The respondent was represented by counsel. In this case, the respondent chose to pursue both cancellation of removal and voluntary departure. The respondent's attorney should have informed him that he would not be able to pursue voluntary departure under section 240B(a) if he pursued cancellation of removal. The respondent has not asserted that his attorney failed to inform him of his choices and the consequent risks. In fact, the respondent has not even asserted that he was unaware of voluntary departure or of its requirements. Therefore, in continuing to pursue cancellation of removal, the respondent took a calculated risk that he would be denied both forms of relief.

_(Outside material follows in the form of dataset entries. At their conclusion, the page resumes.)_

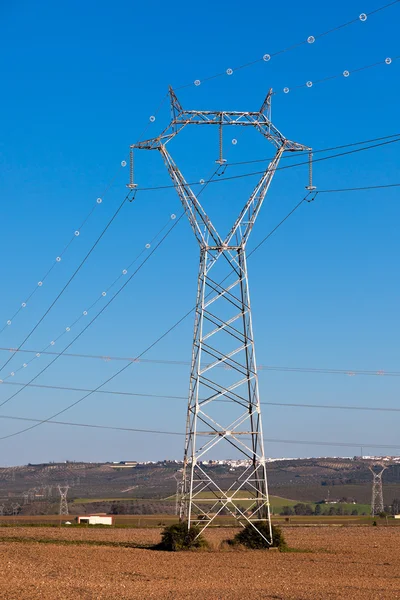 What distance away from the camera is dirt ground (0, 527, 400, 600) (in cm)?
3173

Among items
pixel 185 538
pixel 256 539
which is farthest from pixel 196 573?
pixel 256 539

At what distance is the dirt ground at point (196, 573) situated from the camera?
31.7 m

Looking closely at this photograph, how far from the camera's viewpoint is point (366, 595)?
3203cm

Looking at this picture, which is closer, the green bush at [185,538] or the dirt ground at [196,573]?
the dirt ground at [196,573]

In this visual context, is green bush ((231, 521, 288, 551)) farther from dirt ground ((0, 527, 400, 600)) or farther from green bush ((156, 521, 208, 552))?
green bush ((156, 521, 208, 552))

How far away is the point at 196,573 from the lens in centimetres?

Requiring Immigration Judges to advise aliens, particularly those who are represented by counsel, when the aliens are requesting additional forms of relief, will not promote the efficient processing of cases. Requiring detailed warnings in cases where the alien is pursuing other forms of relief and allowing aliens to pursue "master calendar" voluntary departure after being denied another form of relief will only make these proceedings longer and more cumbersome.

IV. CONCLUSION

I find no error in the way the Immigration Judge conducted the proceedings. The respondent was represented by counsel, chose to pursue both cancellation of removal and voluntary departure, was denied cancellation of removal, and did not waive his right to appeal all issues, including cancellation of removal. The respondent did not meet the basic requirements for voluntary departure as set forth in 8 C.F.R. § 240.26(b)(1). Therefore, I would find that the respondent failed to establish eligibility for the requested relief. Moreover, under the circumstances in this case, I would not require an Immigration Judge to inform the respondent of the availability of voluntary departure. Accordingly, I would dismiss the appeal.